# Homework 2

## Description

### Data
[News Popularity in Multiple Social Media Platforms Data Set](https://archive.ics.uci.edu/ml/datasets/News+Popularity+in+Multiple+Social+Media+Platforms) - 13 CSV files, 155MB in total  

This dataset contains a large set of news items and their respective social feedback on Facebook, Google + and LinkedIn.


### Format
One CSV File with News Data Records and 12 CSV Files with Social Feedback.
The Social Feedback File contains the feedback from one of the social platforms {Facebook, Google+, LinkedIn} on one of the topics {Economy, Microsoft, Palestine, Obama}.

#### News Data Variables
Each record contains 11 attributes

1. IDLink (numeric): Unique identifier of news items 
2. Title (string): Title of the news item according to the official media sources 
3. Headline (string): Headline of the news item according to the official media sources 
4. Source (string): Original news outlet that published the news item 
5. Topic (string): Query topic used to obtain the items in the official media sources 
6. PublishDate (timestamp): Date and time of the news items' publication 
7. SentimentTitle (numeric): Sentiment score of the text in the news items' title 
8. SentimentHeadline (numeric): Sentiment score of the text in the news items' headline 
9. Facebook (numeric): Final value of the news items' popularity according to the social media source Facebook 
10. GooglePlus (numeric): Final value of the news items' popularity according to the social media source Google+ 
11. LinkedIn (numeric): Final value of the news items' popularity according to the social media source LinkedIn 

#### Social Feedback Variables
Each record contains 145 attributes

1. IDLink (numeric): Unique identifier of news items 
2. TS1 (numeric): Level of popularity in time slice 1 (0-20 minutes upon publication) 
3. TS2 (numeric): Level of popularity in time slice 2 (20-40 minutes upon publication) 
4. TS... (numeric): Level of popularity in time slice ... 
5. TS144 (numeric): Final level of popularity after 2 days upon publication


### Task
4 subtasks:
+ (20pt) In social feedback data, calculate the average popularity of each news by hour, and by day, respectively
+ (20pt) In news data, calculate the sum and average sentiment score of each topic, respectively
+ (30pt) In news data, count the words in two fields: ‘Title’ and ‘Headline’ respectively, and list the most frequent words according to the term frequency in descending order, in total, per day, and per topic, respectively
+ (30pt) From the previous subtask, for the top-100 frequent words per topic in titles and headlines, calculate their co-occurrence matrices (100x100), respectively.
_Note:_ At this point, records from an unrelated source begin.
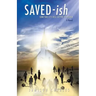 SAVED-ish: Sometimes It's Hell Gettin' To Heaven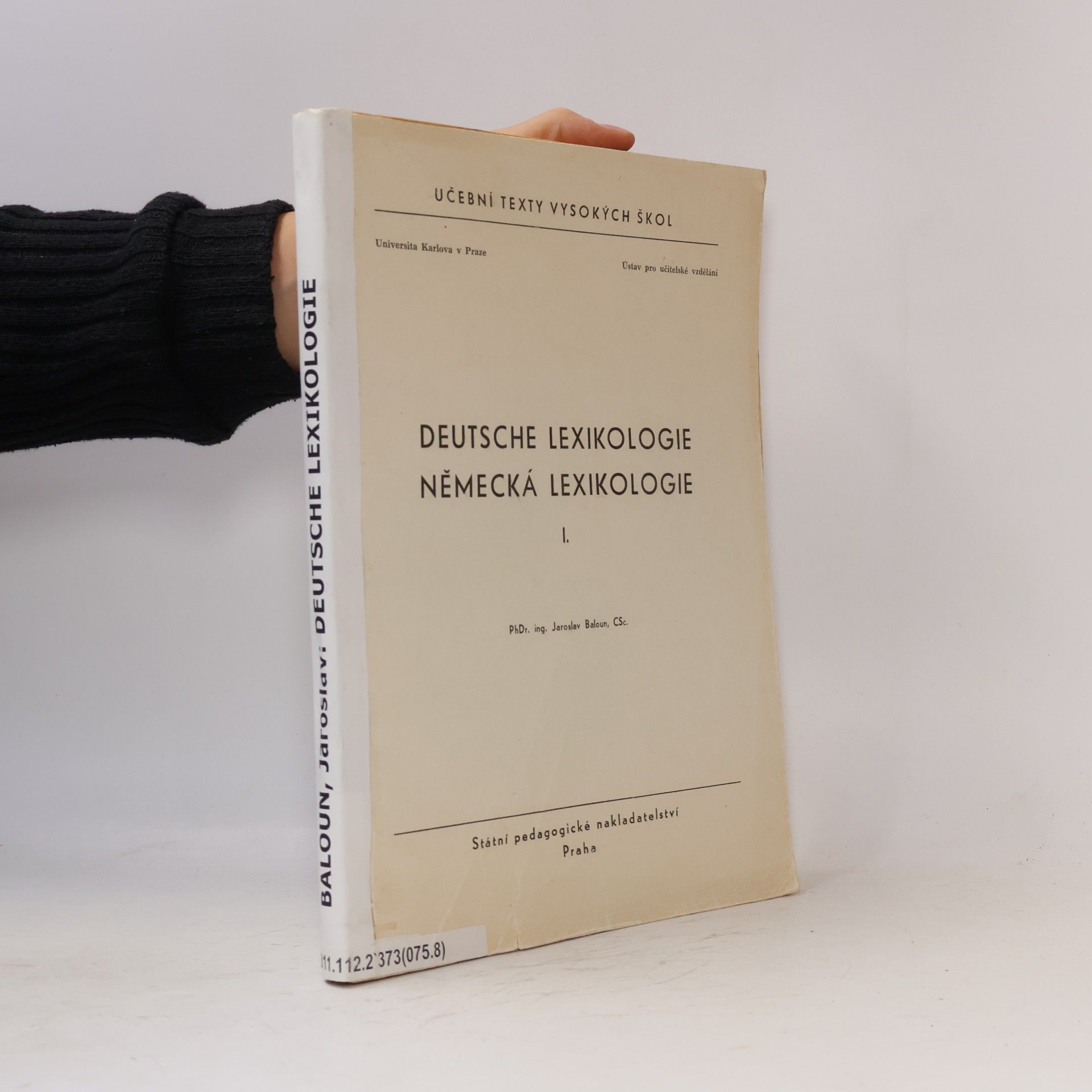 Jaroslav Baloun Deutsche Lexikologie = Německá lexikologie I.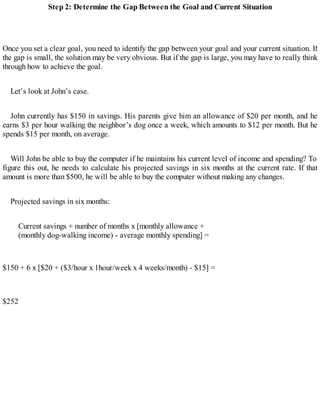 Step 2: Determine the Gap Between the Goal and Current Situation
Once you set a clear goal, you need to identify the gap between your goal and your current situation. If
the gap is small, the solution may be very obvious. But if the gap is large, you may have to really think
through how to achieve the goal.
Let’s look at John’s case.
John currently has $150 in savings. His parents give him an allowance of $20 per month, and he
earns $3 per hour walking the neighbor’s dog once a week, which amounts to $12 per month. But he
spends $15 per month, on average.
Will John be able to buy the computer if he maintains his current level of income and spending? To
figure this out, he needs to calculate his projected savings in six months at the current rate. If that
amount is more than $500, he will be able to buy the computer without making any changes.
Projected savings in six months:
Current savings + number of months x [monthly allowance +
(monthly dog-walking income) - average monthly spending] =
$150 + 6 x [$20 + ($3/hour x 1hour/week x 4 weeks/month) - $15] =
$252
 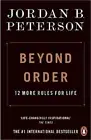 Beyond Order 12 More Rules For Life Paperback By Jordan B Peterson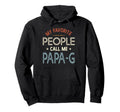 My Favorite People Call Me Papa G Hoodie - Streetwear Style for Adults - T-Shirt, Sweatshirt, Hoodie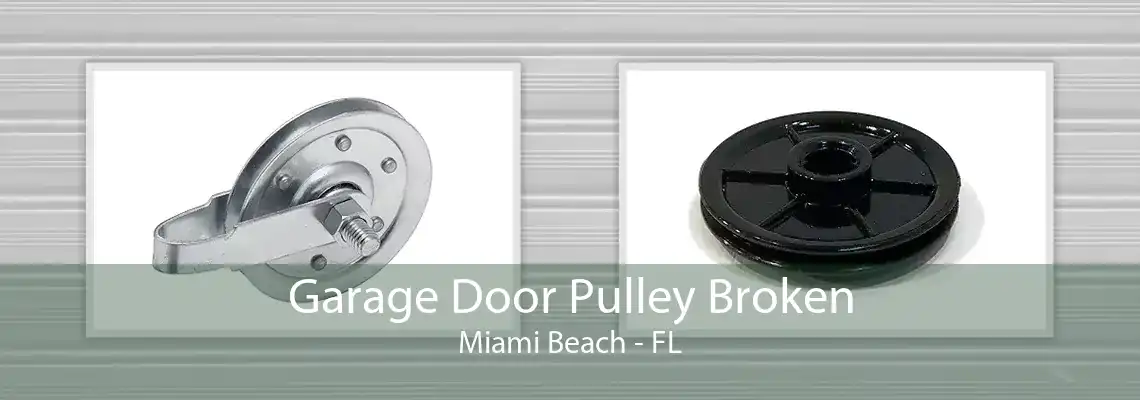 Garage Door Pulley Broken Miami Beach - FL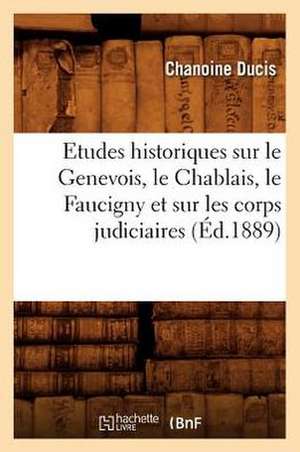 Etudes Historiques Sur Le Genevois, Le Chablais, Le Faucigny Et Sur Les Corps Judiciaires (Ed.1889) de Ducis C.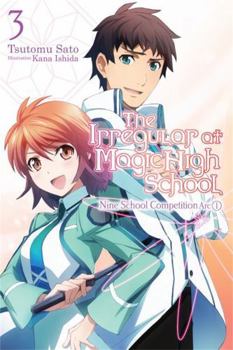 Paperback The Irregular at Magic High School, Vol. 3 (Light Novel): Nine School Competition Arc, Part I Book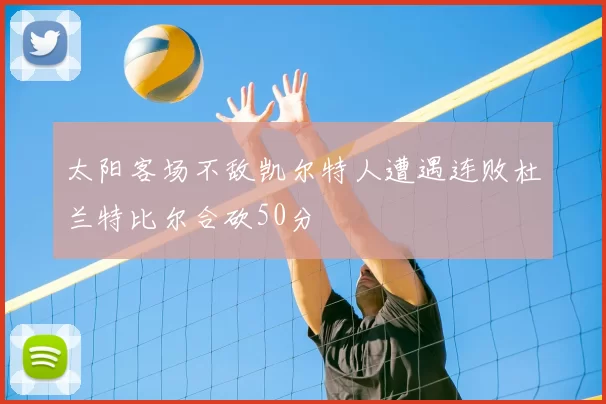 太阳客场不敌凯尔特人遭遇连败杜兰特比尔合砍50分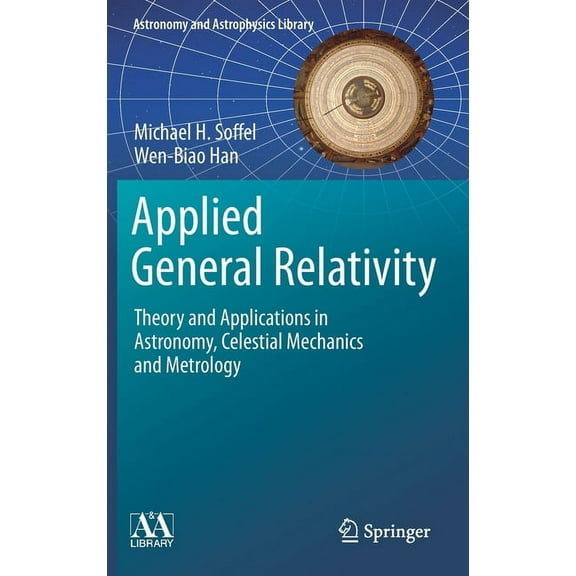 Astronomy and Astrophysics Library Applied General Relativity: Theory and Applications in Astronomy, Celestial Mechanics and Metrology, (Hardcover)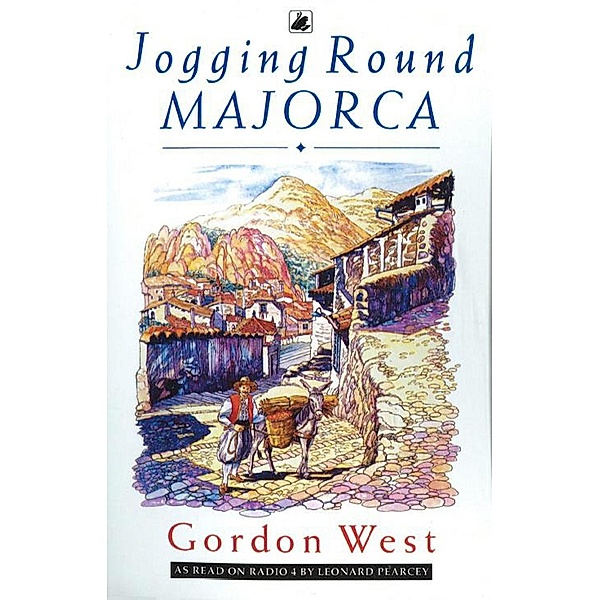 Jogging Round Majorca, Gordon West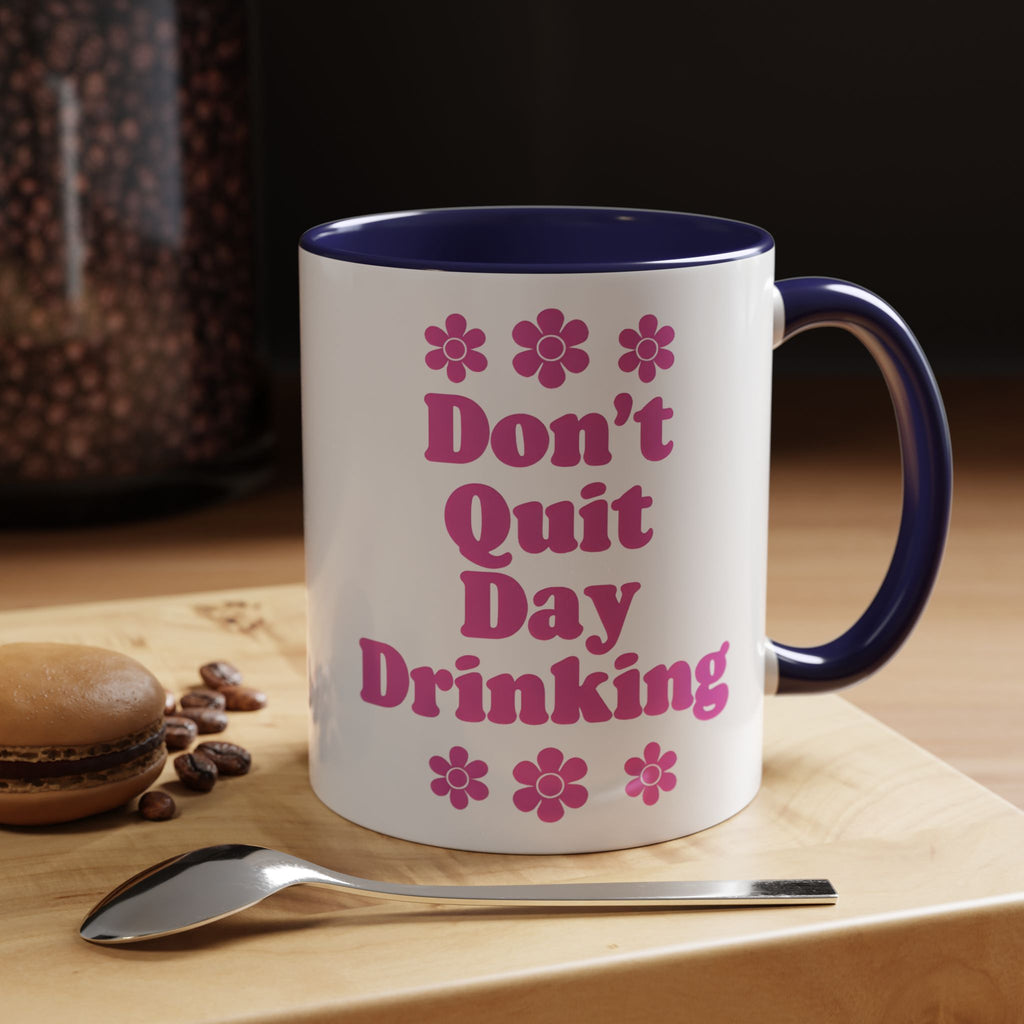 Don't Quit Day Drinking Accent Mug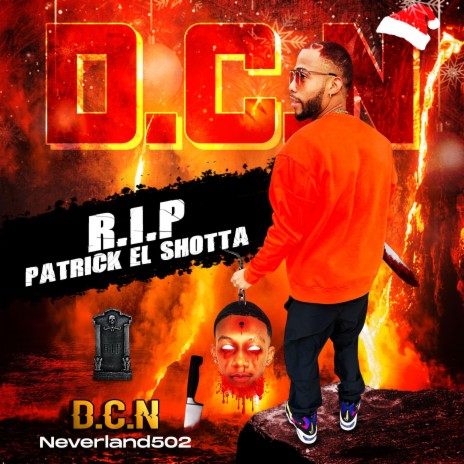 R.I.P Patrick El Shotta | Boomplay Music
Each entry in the matrix will contain the co-occurrence frequency in all news titles and headlines, respectively

## Implementation

In [1]:
// Pre-Configured Spark Context in sc

println("Spark Entity:       " + spark)
println("Spark version:      " + spark.version)
println("Spark master:       " + spark.sparkContext.master)
println("Running 'locally'?: " + spark.sparkContext.isLocal)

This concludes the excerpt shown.